# JLT or Discovery Gardens???



## Whatever! (Jan 25, 2011)

.

Hi Guys,

Ok, before anyone jumps on me, I know Discovery Gardens has been discussed a couple of times on this forum, but I’m still at confused.com. I have viewed a couple of 1b/r apartments in JLT and they are okay but this whole unfinished business with water all over the place didn’t rub me the right way. So am thinking Discovery Gardens but again the negative comments on this forum are kinda freaking me out. Pricewise, both areas are in the same range at the moment so I need to decide asap. People with knowledge/experience on both areas, please help and advice- thanks in advance.


----------



## Tropicana (Apr 29, 2010)

I made a similar decision 3 months back and I ended up choosing jlt over DG

In JLT you need a car for everything and there is a lot of construction going on, even though the northern clusters are better off now. 
In DG, some areas (Zen) are better than the more outlying Mogul/Med areas.
Also the building plays an important role, some buildings have horrible maintenance and may have blue collar workers living in them.

In JLT, almost all the buildings are reasonable with a few notable exceptions like Lake City . I also prefer the location as access to SZR is easier than at DG and also because you are 5 minutes from the Walk and Marina.
The loop does drive peopel crazy though and you have to keep it in mind if you choose any tower facing SZR, Madina,Armadas, Green lakes etc. The towers at the back (V3, Concorde etc) are better in that sense as you dont have to do the "full loop". 
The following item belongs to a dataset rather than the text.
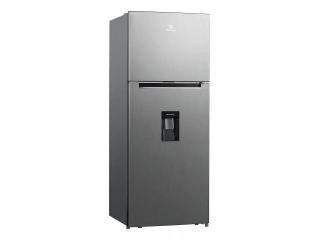 Capacidad 417 lts INVERTER . Dimensiones %u2022 Alto: 178 cm %u2022 Ancho: 70 cm %u2022 Profundidad: 68 cm Características: %u2022 Capacidad: 446 Litros Brutos / 417 Litros Netos %u2022 Sistema No Frost %u2022 Refrigerante R600a %u2022 Frente en acero i Capacidad 417 lts INVERTER . Dimensiones %u2022 Alto: 178 cm %u2022 Ancho: 70 cm %u2022 Profundidad: 68 cm Características: %u2022 Capacidad: 446 Litros Brutos / 417 Litros Netos %u2022 Sistema No Frost %u2022 Refrigerante R600a %u2022 Frente en acero i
If you prefer tower living then JLT is good, otherwise DG is a good compromise if you want to save cash.


----------



## Jynxgirl (Nov 27, 2009)

Pick carefully if you move into DG. Come watch if white buses stop and drop off a few hundred labourers for the building around you. Entire apartment buildings were sold to companies. Bachelor sharing is allowed. There are no gyms, no pools, the courts are locked up most the time. People drive 100+ on the road along side the walking path. If you just want a place to sleep and will not the noises that come along with this situation, saving money is a higher priority then a nicer living experience, then you might be able to deal with DG. My understanding is the gardens are not that much more in price but a bit better living experience. But even that I have heard there is hardly any type of diversity of people living there. I do not believe they have gyms but there are pools. 
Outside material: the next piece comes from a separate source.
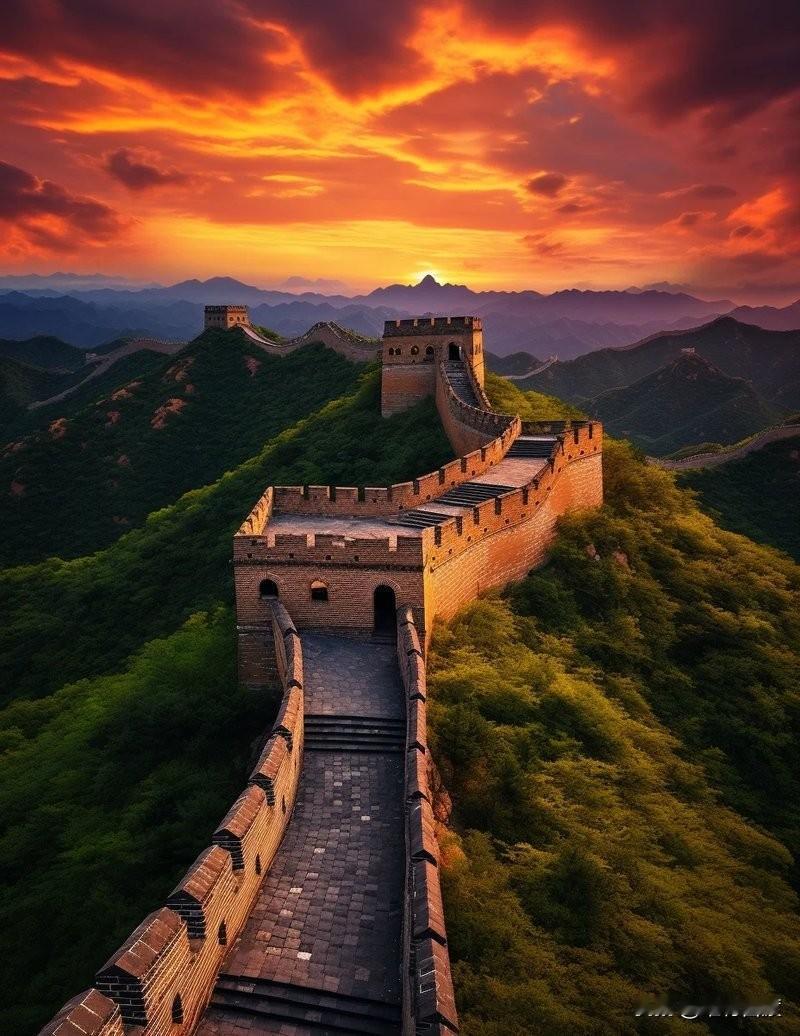 二战之后，恐怕现在是全球最动乱不安的时候。国际形势风起云涌，全球已有59个国家处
A building in JLT will give you a gym and pool, a view, probably more of a diverse crowd, Plus you are not stuck out in the middle of no where.


----------



## Sunset (Jan 24, 2011)

Would not touch DG!!! As mentioned it is becoming something of an upgraded labor camp. Jumeriah Beach Hotels had rented out blocks of apartment buildings in DG but have recently moved their staff into their own building blocks elsewhere. So plenty of apartments to be filled - most likely by laborers.


----------



## Whatever! (Jan 25, 2011)

Thanks guys for the info. I ended up settling for Tecom.


----------



## Felixtoo2 (Jan 16, 2009)

Tecom, Belgian Beer Bar at the Grand Millenium and Rock Bottom at Ramee Rose! Great night out!


----------



## Whatever! (Jan 25, 2011)

Felixtoo2 said:


> Tecom, Belgian Beer Bar at the Grand Millenium and Rock Bottom at Ramee Rose! Great night out!
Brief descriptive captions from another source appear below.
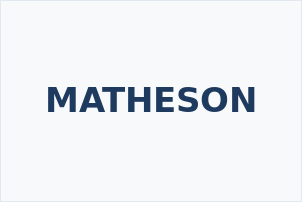 MATHESON
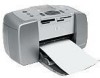 Get HP Q3046A - PhotoSmart 245 Color Inkjet Printer PDF manuals and user guides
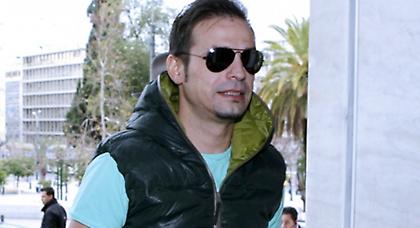 Ο Ντέμης… θυμάται
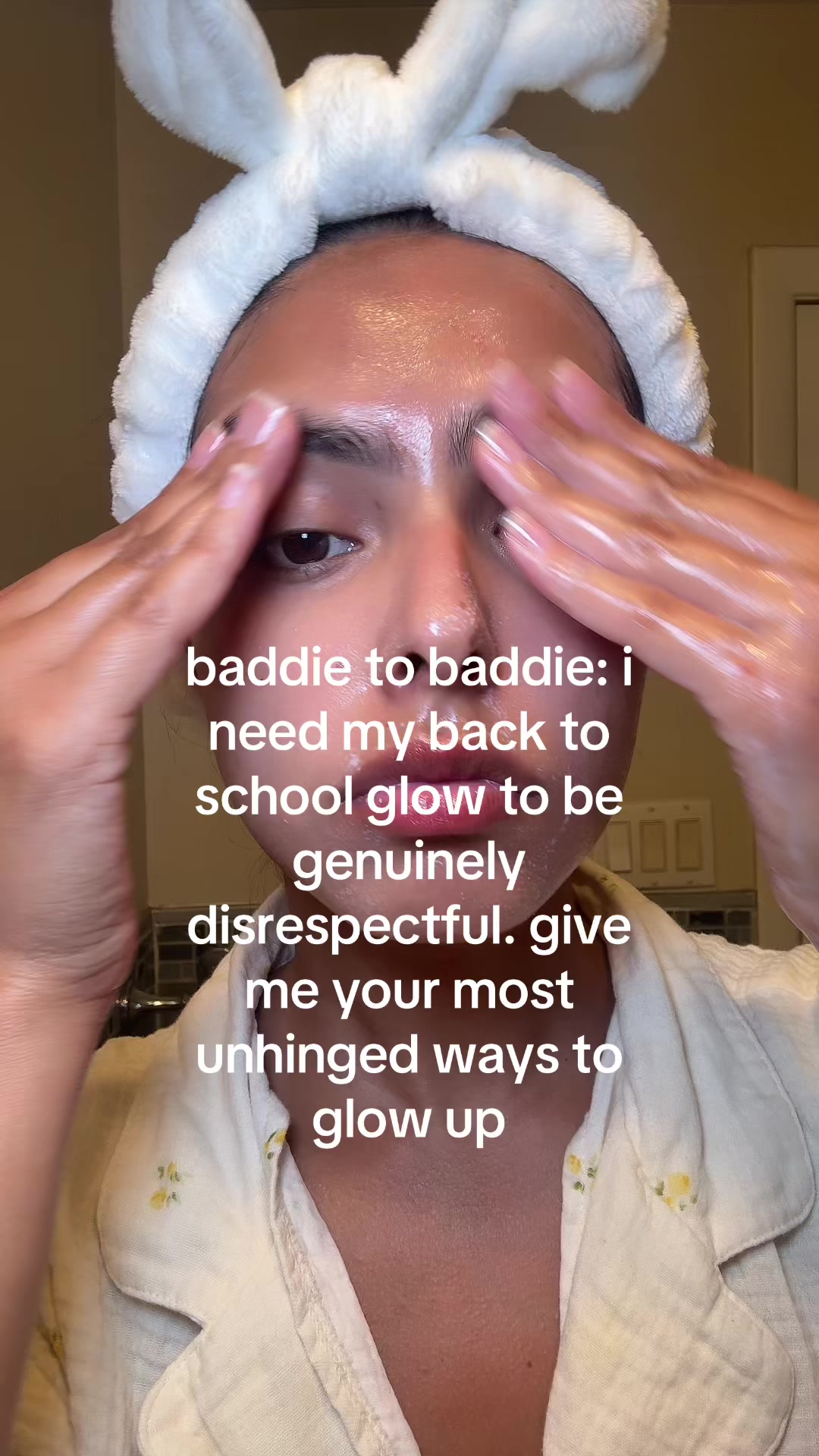 @bipasana ˚⟡˖ ࣪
Thanks Felixtoo for that..will defo try them out.


----------



## jjr (Aug 28, 2011)

Hi guys, I was reading your thoughts and was wondering how is the current situation in Zen, DG vs Greens. I am about to move in Dubai in October/November and am looking for a 1BD apartment in the silent green place with pool, gym, near supermarket, restaurants etc. and easy transportation to the city without having a car. Can anyone share some advice? It will be very appreciated. Thank you!


----------



## Gavtek (Aug 23, 2009)

The Greens is an unmeasurable amount better than DG. It's like comparing Paris with Kabul.


----------



## jjr (Aug 28, 2011)

Thanks for the comparison! 
And can you tell which of the buildings in Greens is in good state, as well located near supermarket, restaurants and metro / bus station?


----------



## wandabug (Apr 22, 2010)

If you don't have a car - I would go for a tower in JLT next to one of the Metro Stations, which also have the bonus of footbridges over to The Marina.


----------



## jjr (Aug 28, 2011)

Is there a bad connection by public transportation from/ to the Greens? I prefer a silent, green place. Is a tower in JLT away from the traffic noise you think? Thanks


----------



## Tropicana (Apr 29, 2010)

all the towers facing SZR have some form of road noise. the ones in the back dont generally...


----------



## jjr (Aug 28, 2011)

Thanks - can you recommend some specific ones in the better shape (with less issues) than the others and what the rent for 1BD flat should be?


----------



## Tropicana (Apr 29, 2010)

depends: let me know the flats you are getting, for what rent and which building, and will tell you

many buildings are in good shape: green lakes, seef, Goldcrest 1 , Arch, Palladium, Madina, Shera and more


----------



## wandabug (Apr 22, 2010)

jjr said:


> Thanks - can you recommend some specific ones in the better shape (with less issues) than the others and what the rent for 1BD flat should be?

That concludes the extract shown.